The hand on his throat relaxed a bit and he sucked in a short breath. He tried to turn his head and the clamp on his throat cut off his breath again. A pretty face came through the window.
“Hi,” Jody said. She loosened her grip on his throat a degree.
“Hi,” Rivera croaked.
“Feel the grip on your wrist?”
Rivera feet the bear trap on his wrist tighten, his hand went numb and his whole arm lit up with pain.
“Yes!”
“Okay,” Jody said. “I’m pretty sure I can crush your windpipe before you could move, but I wanted you to be sure too. You sure?”
Rivera tried to nod.
“Good. Your partner followed Tommy last night. Do you know where they are now?”
Again Rivera attempted to nod. On the seat next to him, the cell phone chirped.
She released his arm, snatched the gun out of his shoulder holster, flipped off the safety and pointed it at his head, all before he could draw a single breath. “Take me there,” she said.
Elijah Ben Sapir watched the red dots moving around on the video screen above his face.
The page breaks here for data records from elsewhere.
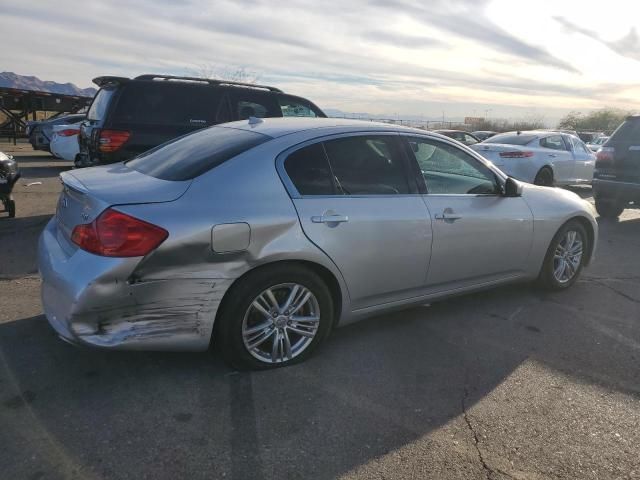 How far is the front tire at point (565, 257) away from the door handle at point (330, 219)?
7.89 feet

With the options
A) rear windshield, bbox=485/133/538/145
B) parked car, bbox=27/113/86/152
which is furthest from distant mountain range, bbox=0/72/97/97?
rear windshield, bbox=485/133/538/145

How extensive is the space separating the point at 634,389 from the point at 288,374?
7.21 feet

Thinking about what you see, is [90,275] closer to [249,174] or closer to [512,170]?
[249,174]

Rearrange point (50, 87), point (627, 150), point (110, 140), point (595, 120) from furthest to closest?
point (50, 87), point (595, 120), point (627, 150), point (110, 140)

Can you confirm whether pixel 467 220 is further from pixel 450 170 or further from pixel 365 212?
pixel 365 212

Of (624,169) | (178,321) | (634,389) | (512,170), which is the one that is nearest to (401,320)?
(634,389)

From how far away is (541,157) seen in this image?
11.7m

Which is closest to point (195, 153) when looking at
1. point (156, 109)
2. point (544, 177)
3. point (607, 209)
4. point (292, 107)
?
point (156, 109)

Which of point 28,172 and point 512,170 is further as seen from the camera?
point 28,172

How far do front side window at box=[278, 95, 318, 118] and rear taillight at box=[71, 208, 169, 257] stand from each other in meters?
5.45

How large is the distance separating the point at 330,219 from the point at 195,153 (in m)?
1.02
He had awakened feeling gleeful about killing the fledgling’s toy boy, then he saw that his home had been invaded. He was hit with an emotion so rare it took him a while to recognize it.
Fear. It had been a long time since he’d been afraid. It felt good.
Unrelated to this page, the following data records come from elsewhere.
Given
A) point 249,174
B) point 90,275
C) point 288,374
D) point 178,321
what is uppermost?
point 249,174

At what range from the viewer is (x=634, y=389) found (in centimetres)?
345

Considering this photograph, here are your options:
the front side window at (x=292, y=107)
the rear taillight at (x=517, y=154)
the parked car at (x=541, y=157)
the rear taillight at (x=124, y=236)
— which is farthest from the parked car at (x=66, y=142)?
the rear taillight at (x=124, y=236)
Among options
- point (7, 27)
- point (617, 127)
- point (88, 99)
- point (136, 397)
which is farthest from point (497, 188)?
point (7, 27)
The dots on the screen were moving around on the stern of the boat, scrambling in and out of the main cabin above. Every few seconds a dot would disappear off the screen, then reappear. They were getting in and out of a raft at the stern.
The vampire reached up and flipped a series of toggle switches. The big diesels on either side of his vault roared to life. Another toggle and an electric winch began grinding in the anchor.
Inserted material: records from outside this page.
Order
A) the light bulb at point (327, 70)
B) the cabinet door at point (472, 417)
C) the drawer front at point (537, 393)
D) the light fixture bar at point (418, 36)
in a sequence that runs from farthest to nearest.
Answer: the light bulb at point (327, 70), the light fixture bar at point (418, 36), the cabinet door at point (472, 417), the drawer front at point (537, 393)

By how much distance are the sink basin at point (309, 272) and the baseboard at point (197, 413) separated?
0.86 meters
“Move, move, move!” Tommy shouted into the cabin. “The engines started.”
Barry came through the hatch carrying a bronze statue of a ballerina. Tommy waited at the stern of the yacht with Drew. Troy Lee, Lash, Jeff, Clint, and the Emperor and his troops were already in the raft, trying to find room to move around the paintings and statues.
“Over,” Tommy said, taking the statue from Barry as the squat diver went over the side into the arms of the waiting Animals, almost capsizing the raft. Tommy threw the statue down to the Emperor, who caught it and went to the floor of the raft with its weight.
Tommy threw a leg over the railing, and looked back. “Light it, Drew. Now!”
Drew bent and held his lighter to the end of a wax-coated strip of cloth that ran across the stern deck and through the hatch to the main cabin. He watched the flame follow the trail for a few feet, then stood and joined Tommy at the rail. “It’s going.”
They went over the rail backward and the Animals obliged them by stepping aside and letting them both hit the floor of the raft unimpeded. The raft lurched and righted itself. Tommy fought for breath to give a command.
“Paddle, men!” the Emperor shouted.
The Animals began to beat the water with their paddles. There was a loud clunking noise from the yacht as the transmission engaged and the raft was rocked as the twin screws engaged and began pushing the yacht away from them.
“Rivera,” Rivera said into the cell phone.
“The yacht is moving,” Cavuto said. “I think I just aided these guys in looting it.” He unzipped a leather case on the car seat, revealing a huge chrome-plated automatic pistol, a Desert Eagle .50-caliber. It fired bullets roughly the weight of a small dog and kicked like a jackhammer. One shot could reduce a cinderblock to gravel.